Another vegan animal rights Facebook page that was created specifically to promote intersectionality is The Vegan Intersectionality Project (Unknown, Vegan Intersectionality Project’s Photos, 2015). A single meme effectively sums up their definition of intersectionality:

Vegan Information Project poster about intersectionality

Anyone researching intersectionality on this Facebook page will learn via bullet points it is “a tool for understanding the entanglement of all privilege and oppression, a way to break down the barriers that isolate us from one another, a new, holistic, and all-embracing way of thinking about the struggle for justice, [and] living our values with consistency.” Nowhere on the meme is there mention of or credit given to Patricia Hill Collins or Kimberle Crenshaw, nor is there so much as a tip of the hat to the notion that the concept of intersectionality was never meant to be white-centered. The meme concludes with a statement that is perilously close to the white-centered claim that all lives matter:

Intersectionality in practice means…an intersectional understanding of veganism means an end to selective compassion and indifference to suffering, it means everyone matters equally and everyone’s struggle for freedom is ours [emphasis added]

The author ignores the #BlackLivesMatter campaign which aims to center the discussion of racism with persons of color, and then the author proceeds to suggest that the Black struggle for freedom is the property of whites, that the struggles of others are shared or even owned by whites. How is that even possible? Are whites now being pulled over by police for the crime of driving while white? Are white men now being incarcerated in the prison industrial complex at rates that exceed those of Black men? Whites can never know or share the struggles of Blacks. Also, whites seem incapable of acknowledging the Black discourse on intersectionality, much to the detriment of veganism.

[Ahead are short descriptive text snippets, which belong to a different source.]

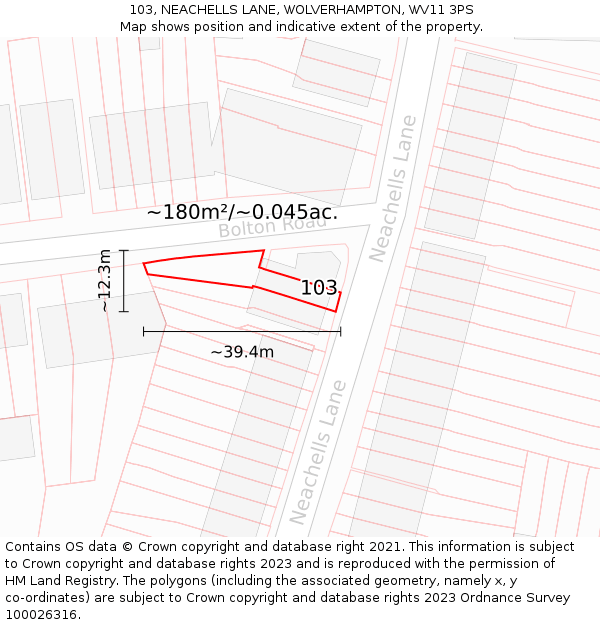103, NEACHELLS LANE, WOLVERHAMPTON, WV11 3PS: Plot and title map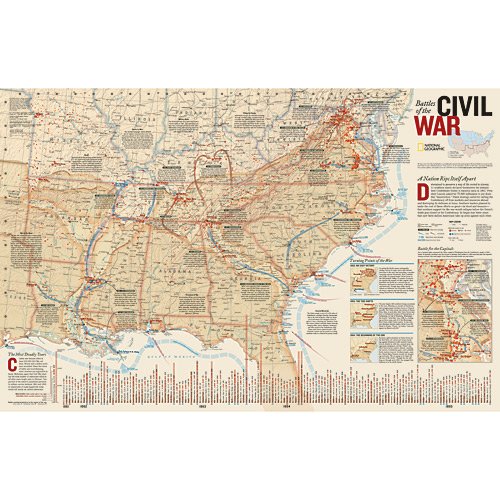 Battles of the Civil War - Tubed - 23"H x 36"W - Wide World Maps & MORE!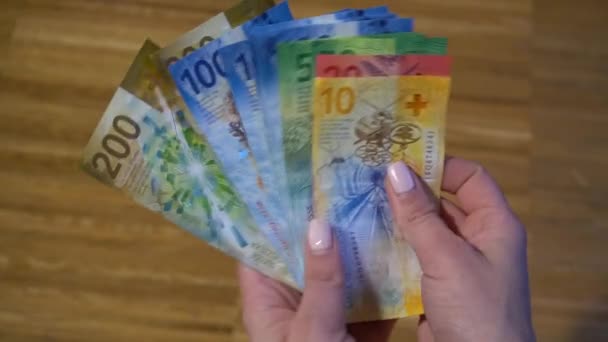 Insamling Nya Schweiziska Sedlar Pengar Och Sedlar Valuta Kontant Bakgrund — Stockvideo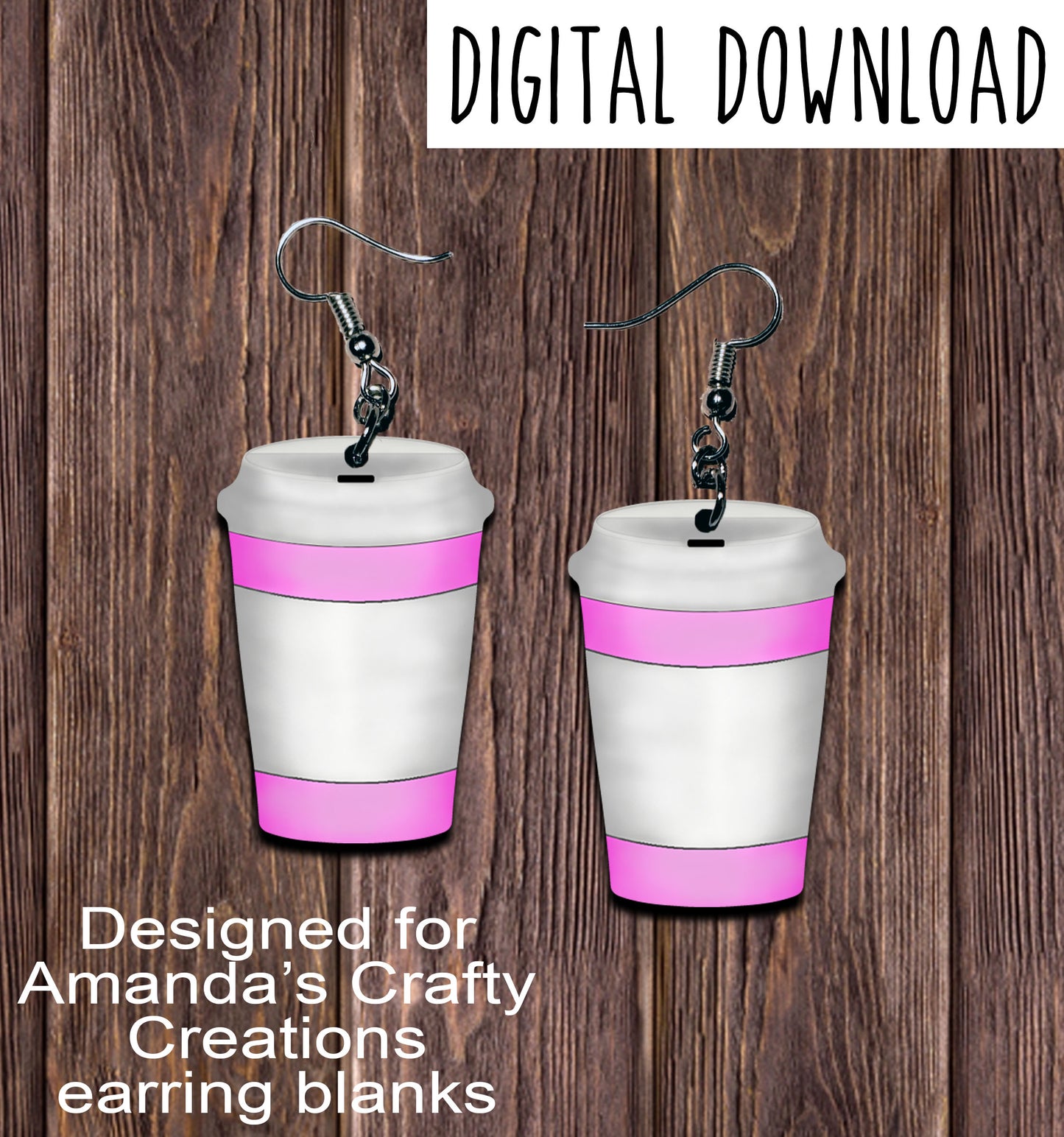 Pink Coffee Cup Earring Sublimation Design, Hand drawn Coffee Cup Sublimation earring design, digital download, JPG, PNG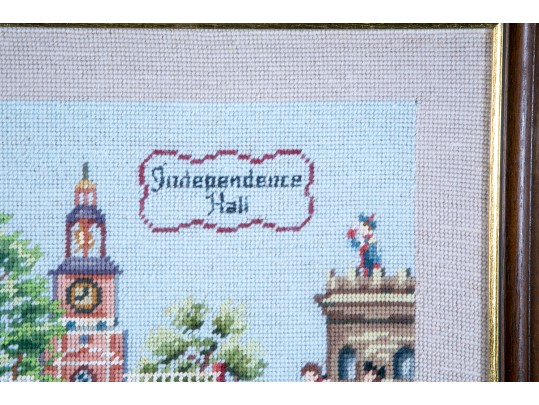 Vintage Framed Embroidery Art Of Independence Hall, Philadelphia 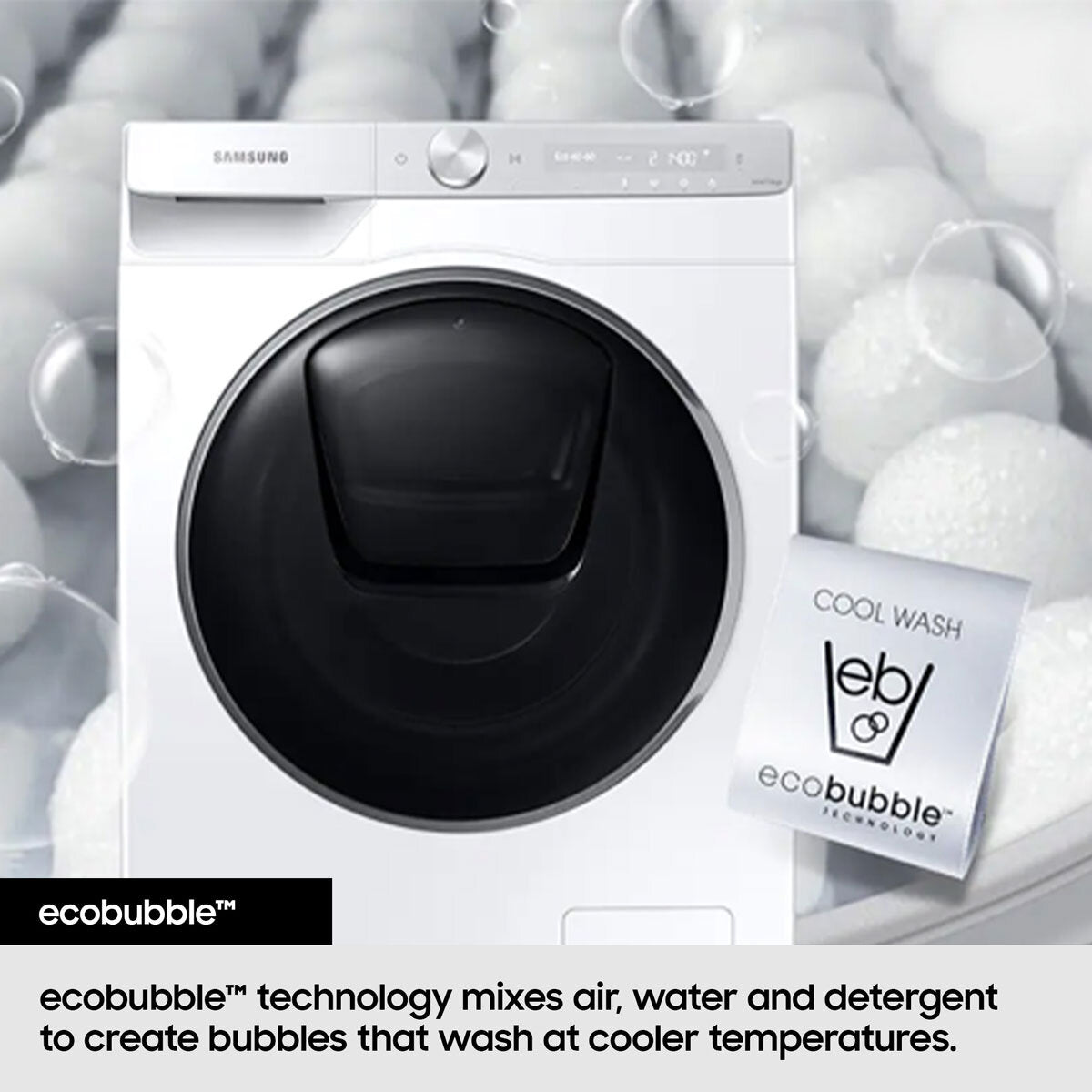 Samsung Series 5 WD90DG5B15BEEU 9/6kg Washer Dryer, D Rated in White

We are at a point now where we have to ask what white vegans are missing when they close their ears and minds to the Black understanding of intersectionality, when the result is the erasure of the lived experiences of Black women. In the essay on intersectionality from the Unfriendly Black Hottie blog the author describes a meeting with Patricia Hill Collins, a Distinguished University Professor of Sociology at the University of Maryland and the first to theorize intersectionality (Collins, 2005). Collins was asked, “How do you feel about the ways white feminists have taken your work on intersectionality as a feminist way to be more inclusive while erasing the creations as part of a Black feminist tradition and without a dedication to Black women’s lives in any way?” While Collins did not use the word appropriation to describe what happened with her work, she related a story of how white musicians took the works of Black jazz and blues artists and imitated them without having the lived experiences that inform the music. Technically, the music is similar, but in the process whites erased Black lives from the music, the very heart and driving force of the music.

Nina Simone

The Unfriendly Black Hottie author goes on to summarize how Patricia Hill Collins views intersectionality:

intersectionality is meant as a bottom up approach, not a top down approach. those with power cannot be “intersectional”. you are also not living intersectional experiences. intersectionality was always about exposing the ways Black women are caught up in multiple systems of oppression, namely race, gender and class, but often many more. it is meant to help Black women understand their experiences in a white supremacist patriarchal culture like the U.S. or much of Western nations that have applied this model onto most cultures from the outside. most importantly, it is meant to help Black women see the ways their experiences are connected to one another and not a product of self-deficiency but structural real systems that have cultural and economic benefits for ruling/dominant classes. [emphasis added]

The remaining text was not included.